■ **EXERCISE DESCRIPTION**
Set each record down exactly, excluding all images.

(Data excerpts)
=-=-=

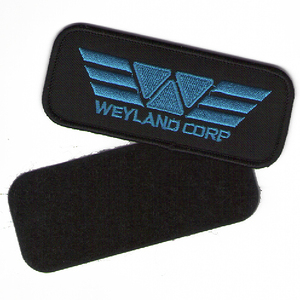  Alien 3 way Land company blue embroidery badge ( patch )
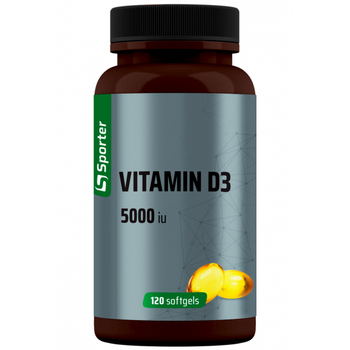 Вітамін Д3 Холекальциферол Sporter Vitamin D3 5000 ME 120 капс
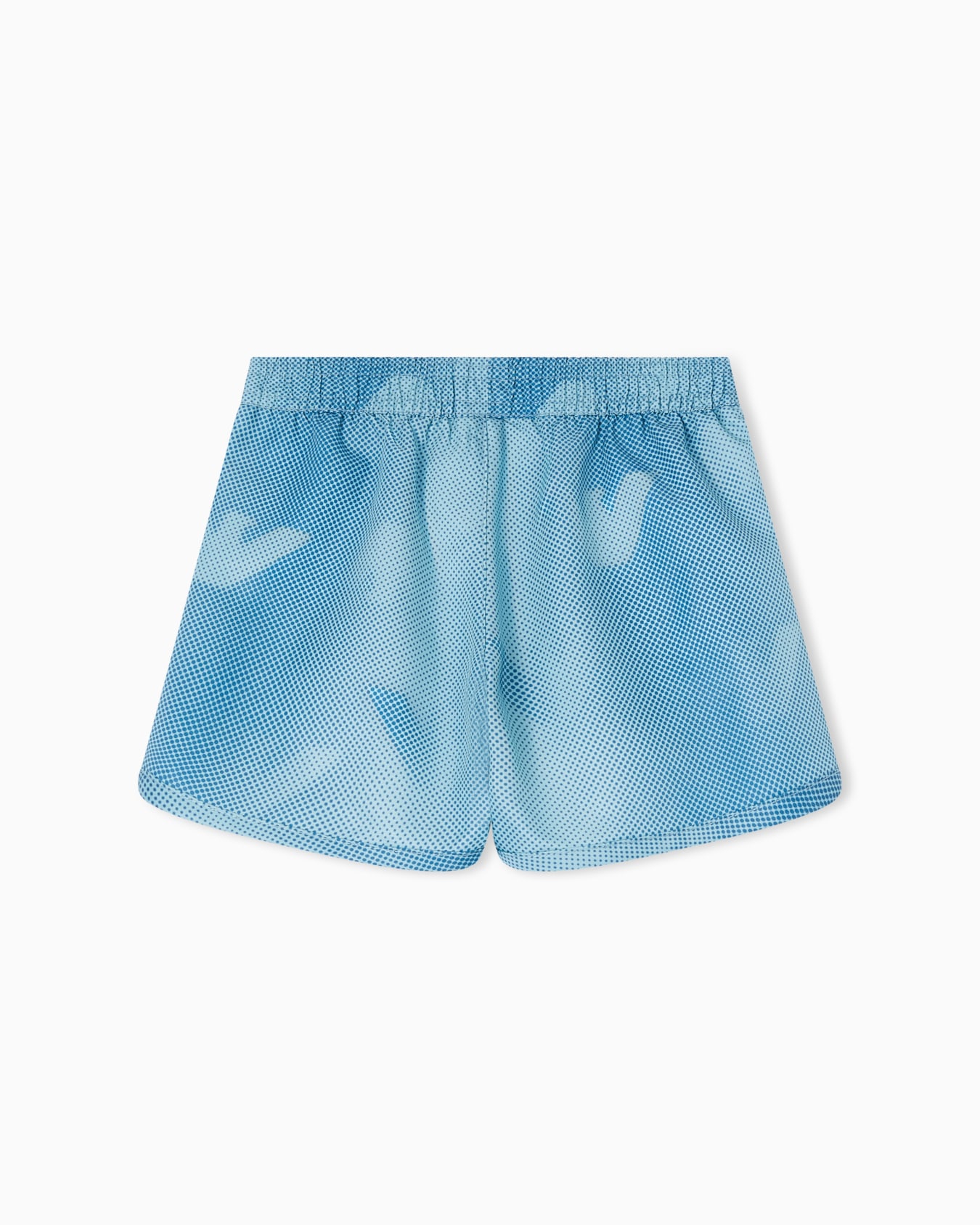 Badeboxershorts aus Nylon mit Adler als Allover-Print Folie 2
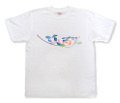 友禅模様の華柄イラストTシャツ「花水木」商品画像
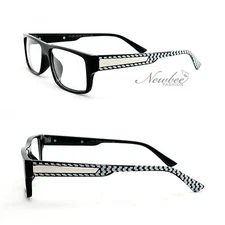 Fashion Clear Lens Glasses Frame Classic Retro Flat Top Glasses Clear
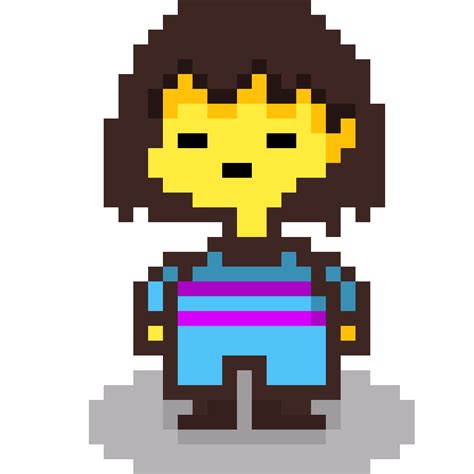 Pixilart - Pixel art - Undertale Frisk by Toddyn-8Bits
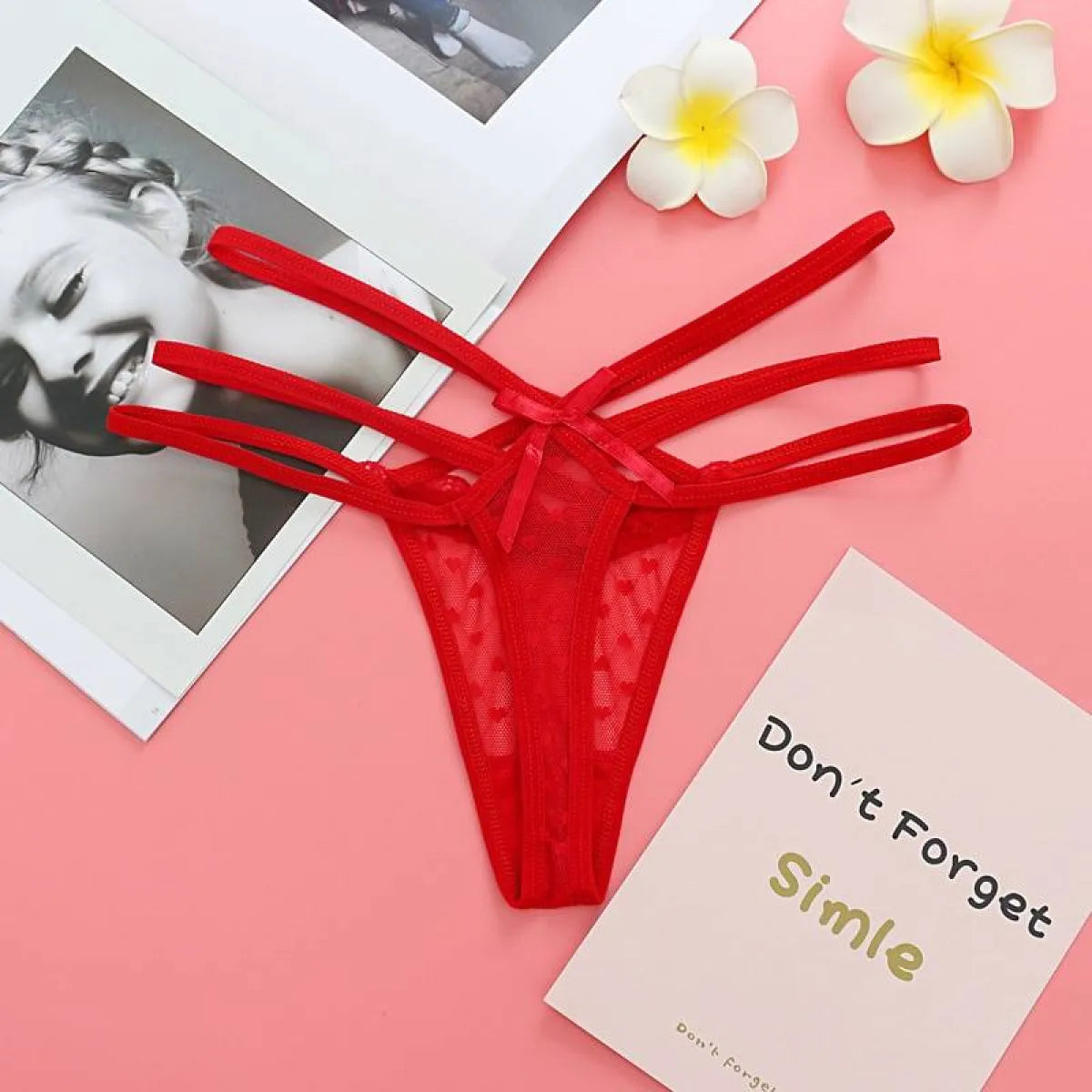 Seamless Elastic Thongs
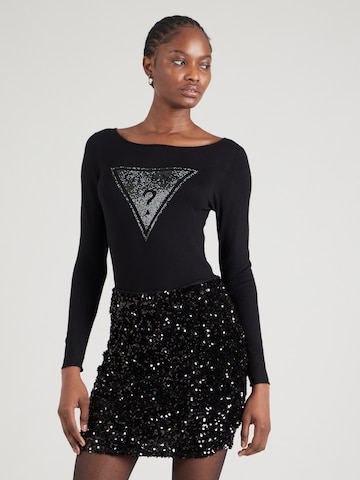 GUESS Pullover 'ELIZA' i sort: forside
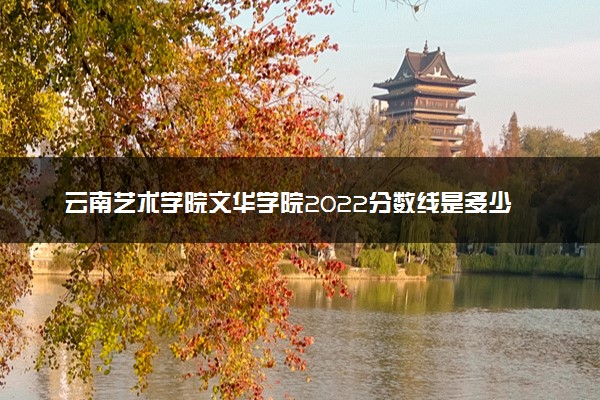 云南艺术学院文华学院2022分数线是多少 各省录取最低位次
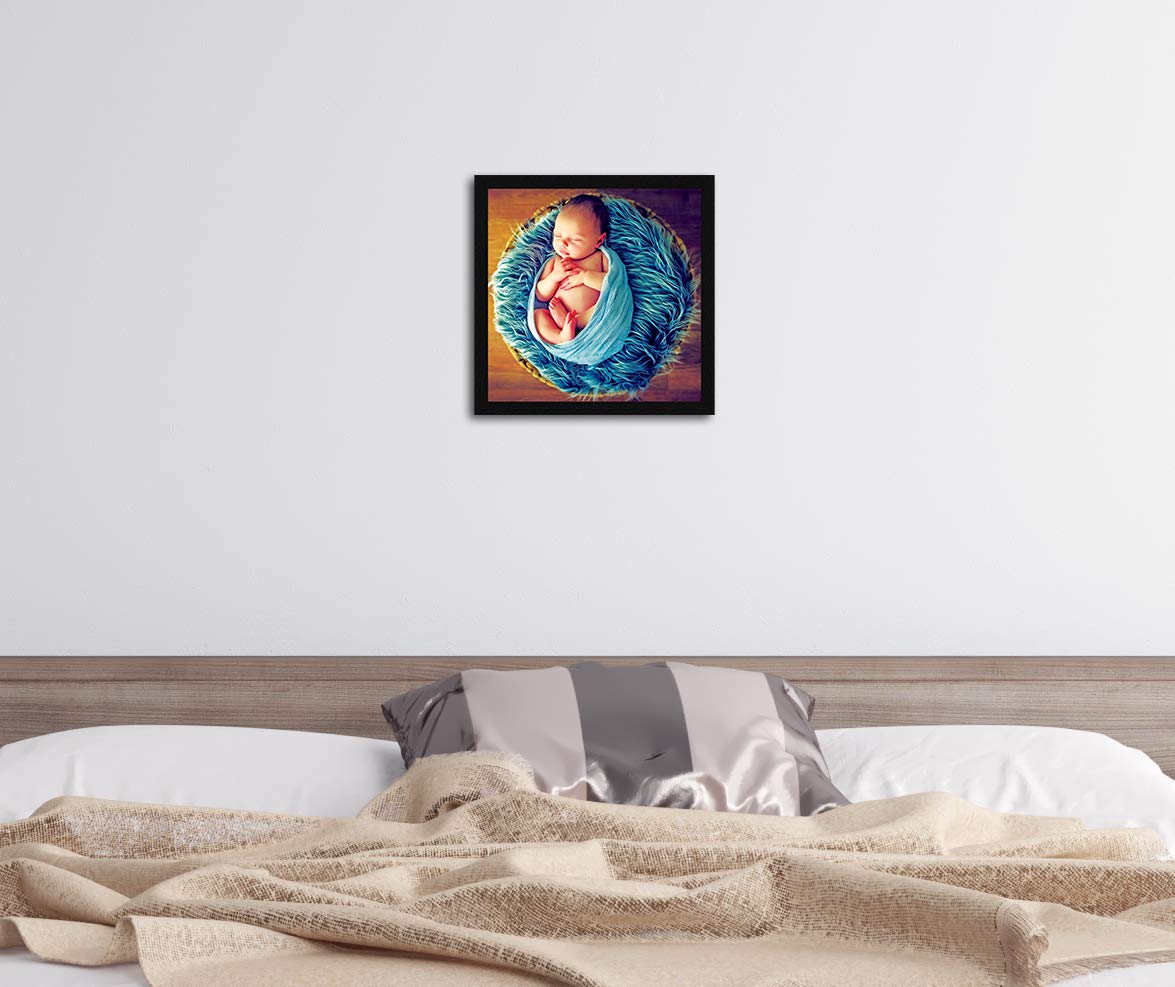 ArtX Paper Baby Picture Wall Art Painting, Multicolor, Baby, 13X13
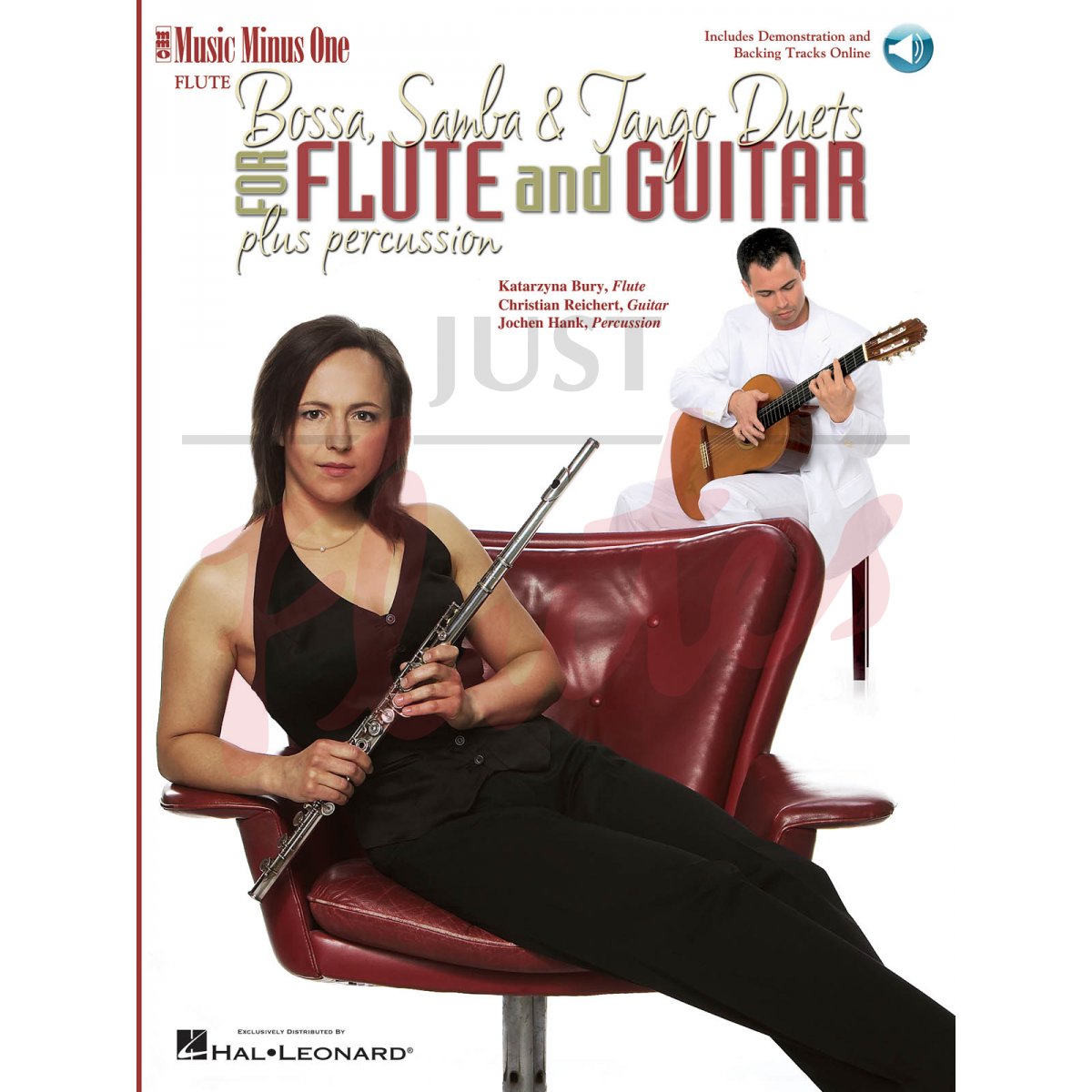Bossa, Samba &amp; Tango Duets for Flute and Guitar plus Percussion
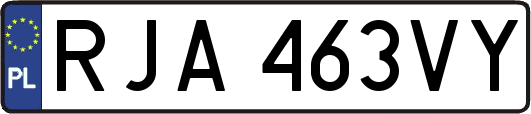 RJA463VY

=-=-=

■ **REPLY**
  Alien 3 way Land company blue embroidery badge ( patch )
 Вітамін Д3 Холекальциферол Sporter Vitamin D3 5000 ME 120 капс
 Badeboxershorts aus Nylon mit Adler als Allover-Print Folie 2
 友禅模様の華柄イラストTシャツ「花水木」商品画像
 Fashion Clear Lens Glasses Frame Classic Retro Flat Top Glasses Clear
 Pixilart - Pixel art - Undertale Frisk by Toddyn-8Bits
 Seamless Elastic Thongs
 GUESS Pullover 'ELIZA' i sort: forside
 云南艺术学院文华学院2022分数线是多少 各省录取最低位次
 ArtX Paper Baby Picture Wall Art Painting, Multicolor, Baby, 13X13
Bossa, Samba &amp; Tango Duets for Flute and Guitar plus Percussion
 RJA463VY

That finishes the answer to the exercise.